Data Management
The Data section is where you manage datasets, configure processing strategies, and preview how your documents will be chunked and embedded.
Processing Strategies
Processing strategies define how uploaded files are parsed, chunked, and embedded. Each strategy includes:
- Parsers — how to extract text from different file types (PDF, DOCX, TXT, CSV, Markdown)
- Extractors — additional extraction settings (metadata, patterns, custom schemas)
- Chunking — how to split documents into pieces (by characters, sentences, or paragraphs)
- Embedding — which model creates vector embeddings
- Storage — which vector database stores the results
Managing Strategies
- View existing strategies — see all configured strategies as cards
- Create new — define a strategy from scratch
- Copy — duplicate an existing strategy as a starting point
- Edit — click any strategy card to modify its configuration
Extractor & Parser Settings
The extractor settings form lets you configure:
- Extraction patterns with a visual pattern editor
- Custom extraction schemas
- Metadata extraction rules
Parser settings control file-type-specific behavior like PDF table extraction, CSV delimiter handling, and markdown header parsing.
Datasets
Below the strategies, you'll find your datasets:
- Create dataset — name it, select a processing strategy and database
- Upload files — drag and drop or click to browse
- Process — kick off ingestion after uploading
- View details — click a dataset to see files, metadata, and processing status
- Delete — remove a dataset via the dropdown menu
Supported File Types
| Format | Extensions |
|---|---|
.pdf | |
| Word | .docx |
| Text | .txt |
| CSV | .csv |
| Markdown | .md, .markdown |
Document Preview
After processing, you can preview how any document was chunked using the Document Preview modal.

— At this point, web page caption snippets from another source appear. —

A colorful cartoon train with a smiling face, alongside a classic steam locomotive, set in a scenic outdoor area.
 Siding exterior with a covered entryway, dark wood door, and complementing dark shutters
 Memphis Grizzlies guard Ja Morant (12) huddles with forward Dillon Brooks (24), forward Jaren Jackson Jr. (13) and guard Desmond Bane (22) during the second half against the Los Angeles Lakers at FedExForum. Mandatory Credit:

The preview shows two side-by-side panels:
- Original Document — the source file as-is
- Processed Chunks — how the document was split, with chunk boundaries highlighted
You can:
- Switch between different processing strategies to compare results
- Click individual chunks to see their content and metadata
- Verify that chunking boundaries make sense for your use case
API Routes
| Action | Method | Route |
|---|---|---|
| List datasets | GET | /v1/projects/{ns}/{project}/datasets |
| Create dataset | POST | /v1/projects/{ns}/{project}/datasets |
| Upload files | POST | /v1/projects/{ns}/{project}/datasets/{dataset}/data |
| Process dataset | POST | /v1/projects/{ns}/{project}/datasets/{dataset}/actions |
| Preview document | POST | /v1/projects/{ns}/{project}/rag/databases/{database_name}/preview |
Route
/chat/data
/chat/data/:datasetId